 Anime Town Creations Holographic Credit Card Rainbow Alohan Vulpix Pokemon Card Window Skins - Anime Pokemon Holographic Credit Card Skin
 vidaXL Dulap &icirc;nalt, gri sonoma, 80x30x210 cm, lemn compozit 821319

=-=-=-=-=

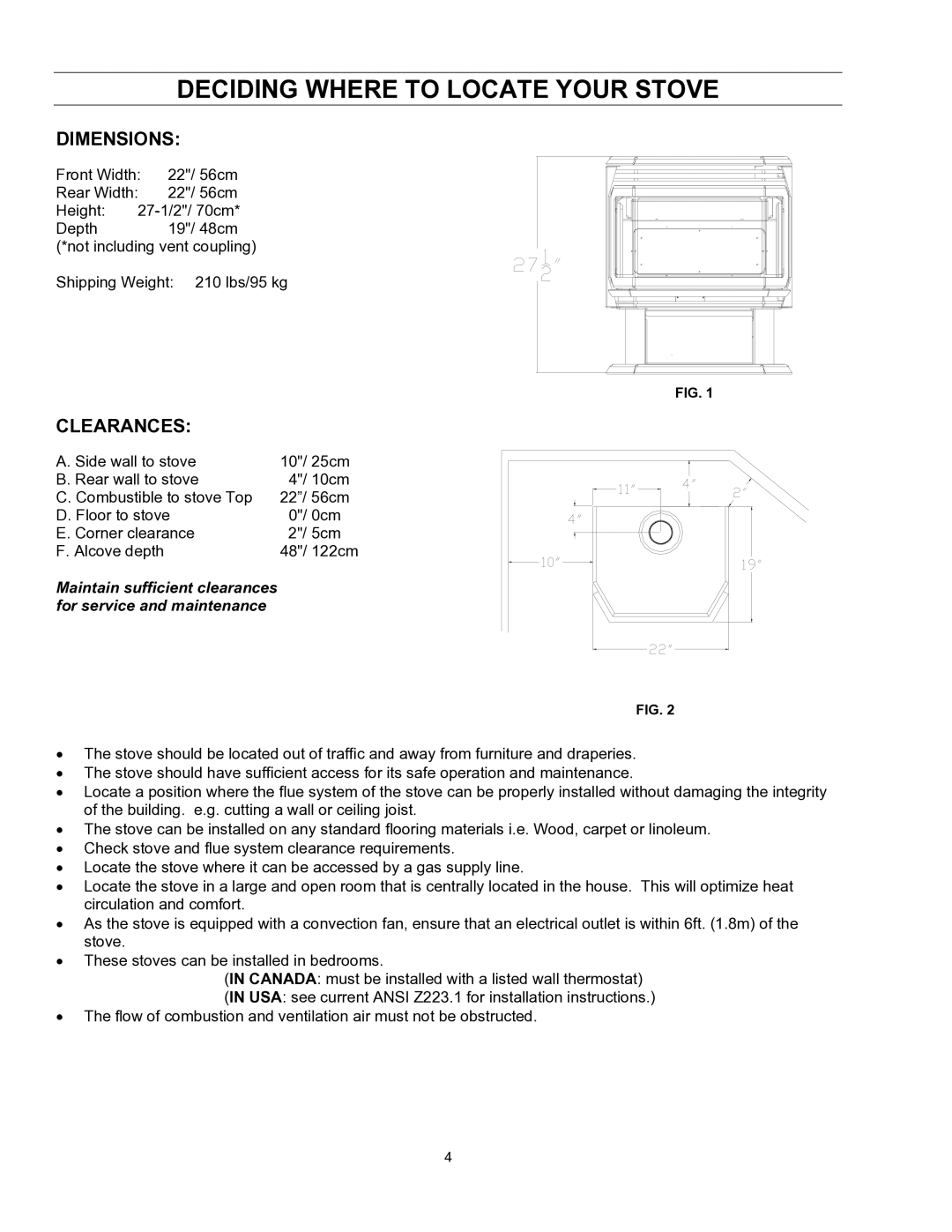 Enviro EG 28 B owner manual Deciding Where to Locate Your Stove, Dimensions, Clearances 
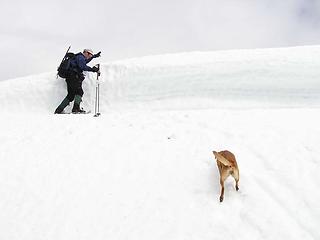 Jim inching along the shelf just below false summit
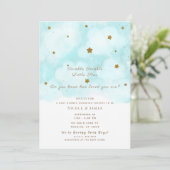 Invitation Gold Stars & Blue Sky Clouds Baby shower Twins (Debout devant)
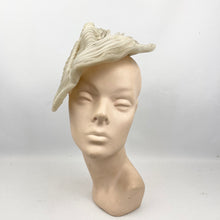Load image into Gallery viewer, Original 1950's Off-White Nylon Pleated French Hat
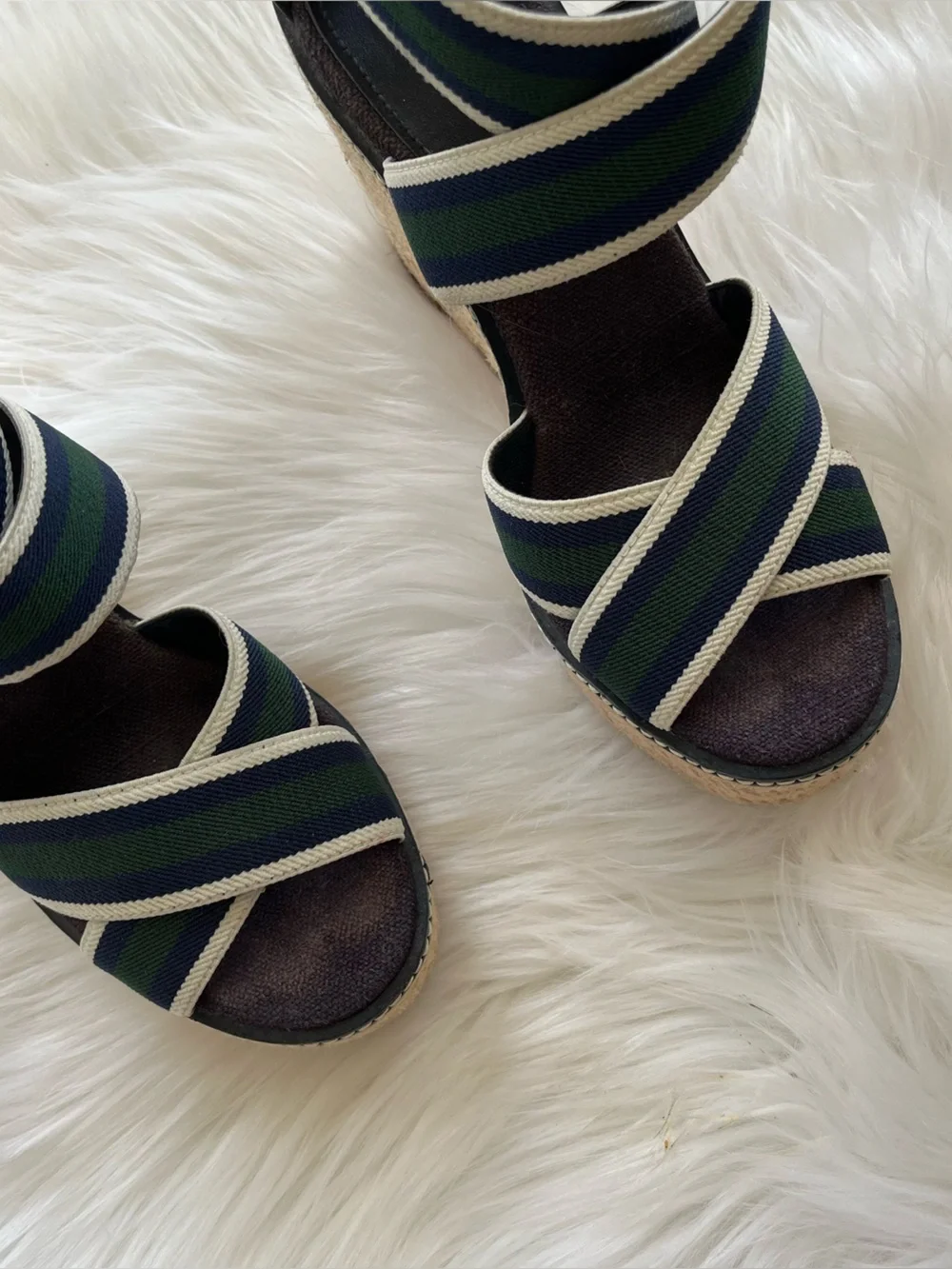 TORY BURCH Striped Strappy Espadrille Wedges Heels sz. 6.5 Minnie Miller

=-=-=-=-=

Could you transcribe exactly the entries above, but only the lines from the one with "Jim inching along" through the one with "TORY BURCH Striped", and without pictures?

:: Expected answer ::
 Jim inching along the shelf just below false summit
 Invitation Gold Stars & Blue Sky Clouds Baby shower Twins (Debout devant)
Load image into Gallery viewer, Original 1950's Off-White Nylon Pleated French Hat
 TORY BURCH Striped Strappy Espadrille Wedges Heels sz. 6.5 Minnie Miller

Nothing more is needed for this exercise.